Gaetz released the following statement regarding the legislation:
“Public service is an obligation and a responsibility, not an opportunity to enrich oneself,” said Senate President Gaetz. “I could not be more pleased that the Senate has prioritized this critical legislation, which will go to great lengths to restore public confidence in Florida’s state and local elected officials. I appreciate Senator Latvala’s hard work on this legislation and look forward to the Senate hearing these bills on the floor during the first week of session.”
SB 2 and 4 were drafted by the Senate Ethics and Elections Committee and co-introduced by Chairman Senator Jack Latvala (R-Clearwater).
SB 2 addresses a number of reported ethical concerns by making financial disclosures available online, giving the Commission on Ethics more authority to collect unpaid fines, requiring state officers to abstain from voting on certain matters that benefit them directly, requiring ethics training for constitutional officers, placing greater restrictions on public employment while in office and restrictions on lobbying after leaving office, and prohibiting officials from accepting gifts from political committees and Committees of Continuous Existence.
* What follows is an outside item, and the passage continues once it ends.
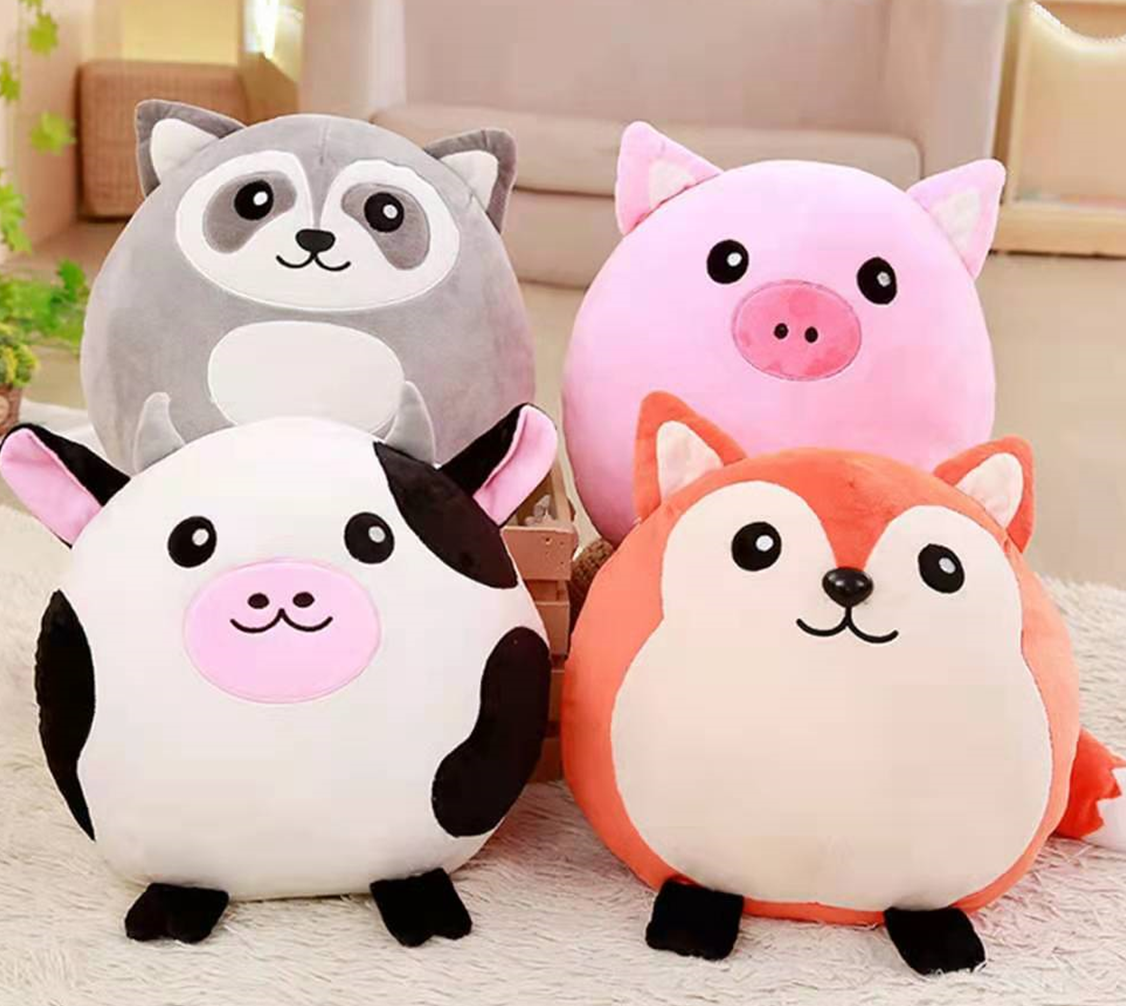 Animal Cow Fox Pig Raccoon Plush Pillow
The bill also allows public officials to place their assets in a blind trust to help them avoid potential conflicts of interest and allows the use of certified public accountants when preparing financial disclosures.
SB 4 revises laws relating to public records to accommodate new provisions in SB 2 that allow the Commission to initiate investigations based on referrals from the Governor, the Department of Law Enforcement, and the state and U.S. Attorneys.